The task = Images in the records should be skipped while the rest is transcribed verbatim.

Data records =
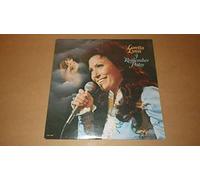Loretta Lynn - I Remember Patsy By Loretta Lynn Record Vinyl Album LP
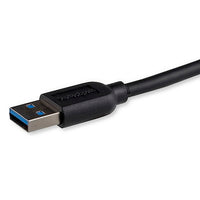 StarTech Slim USB 3.0 Micro B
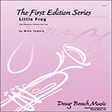 little frog tenor sax 2 jazz ensemble tomaro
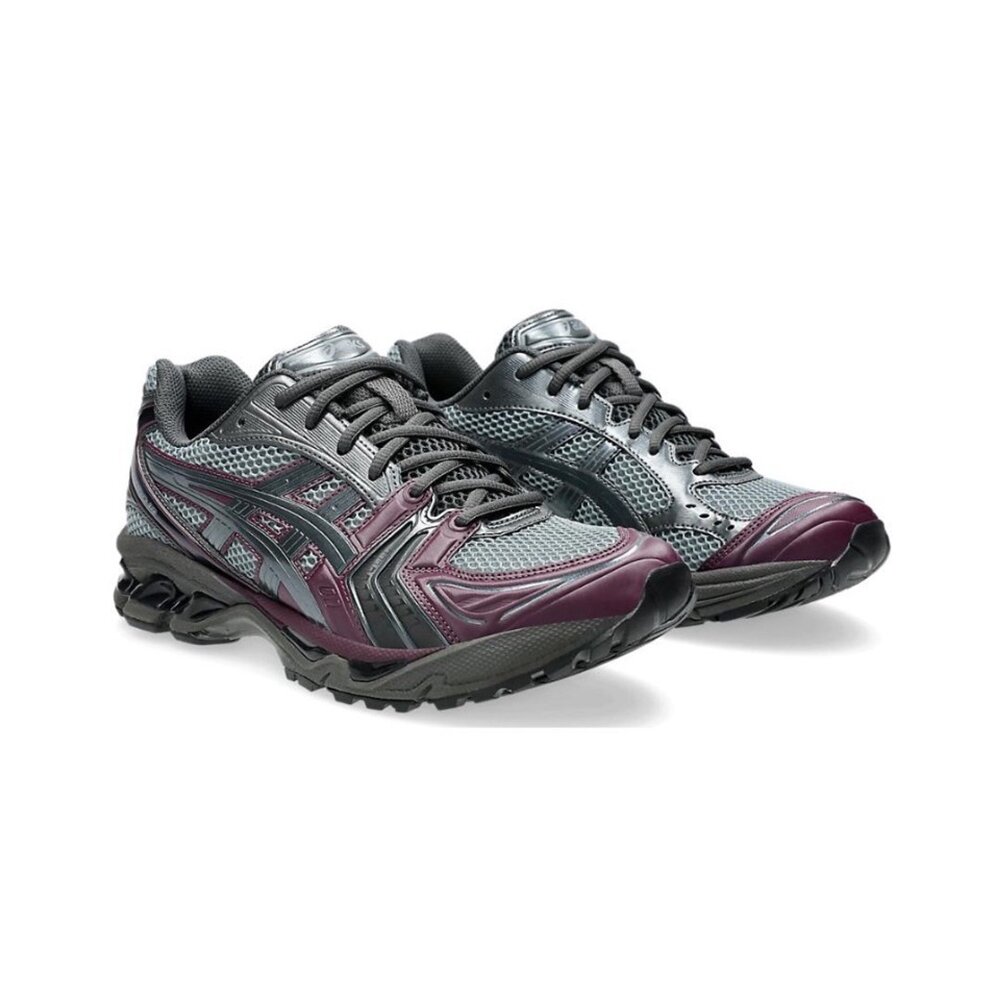 1203A510-020-Atmos x Asics Gel-Kayano 灰紫 1203A510-020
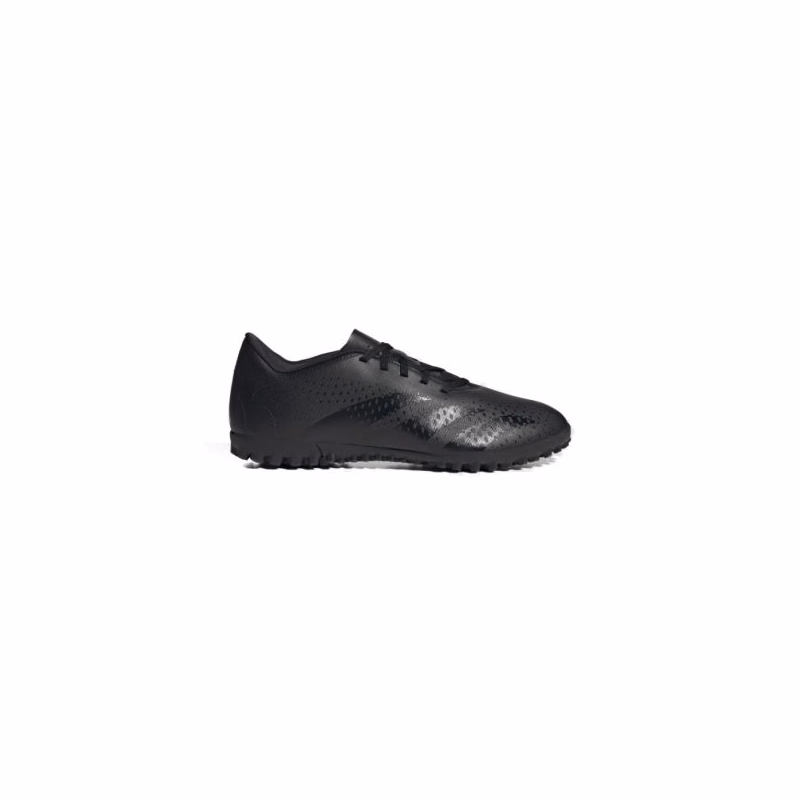 Pánske futbalové kopačky turfy ADIDAS Predator Accuracy.4 M TF core black core black cloud white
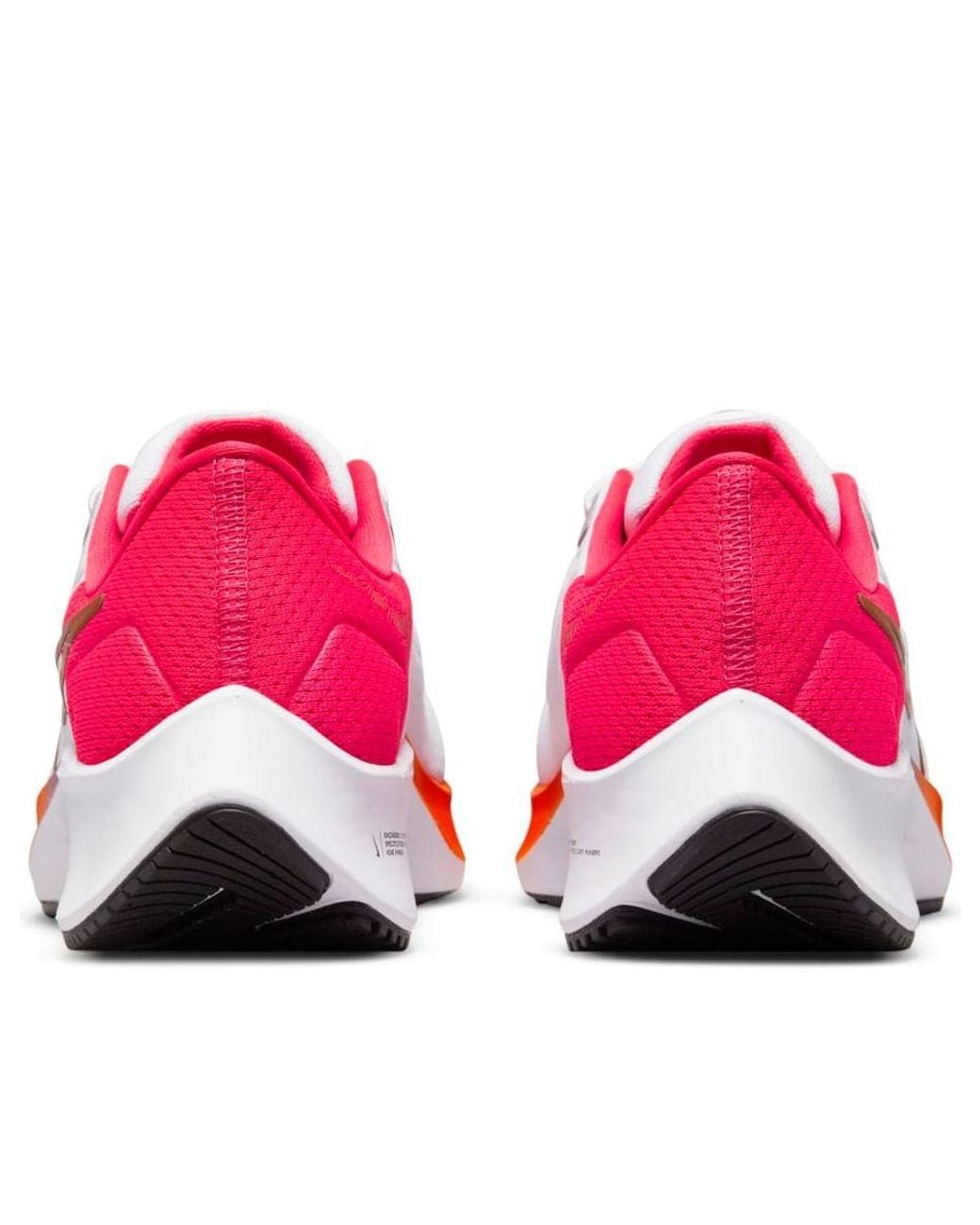 Nike Red (Wmns) Air Zoom Pegasus 38 Gradient'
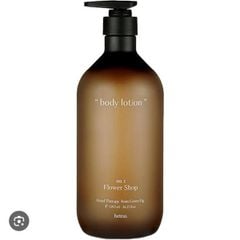 Dưỡng Thể Hetras Hotel Therapy Body Lotion 1013ml (19/06/2028)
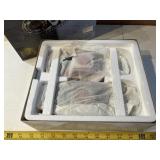 1/24- 2 car set  #8 Dale Earnhardt jr, NIB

Answer area =
Loretta Lynn - I Remember Patsy By Loretta Lynn Record Vinyl Album LP
 StarTech Slim USB 3.0 Micro B
 little frog tenor sax 2 jazz ensemble tomaro
 1203A510-020-Atmos x Asics Gel-Kayano 灰紫 1203A510-020
 Pánske futbalové kopačky turfy ADIDAS Predator Accuracy.4 M TF core black core black cloud white
 Nike Red (Wmns) Air Zoom Pegasus 38 Gradient'
 Dưỡng Thể Hetras Hotel Therapy Body Lotion 1013ml (19/06/2028)
 1/24- 2 car set  #8 Dale Earnhardt jr, NIB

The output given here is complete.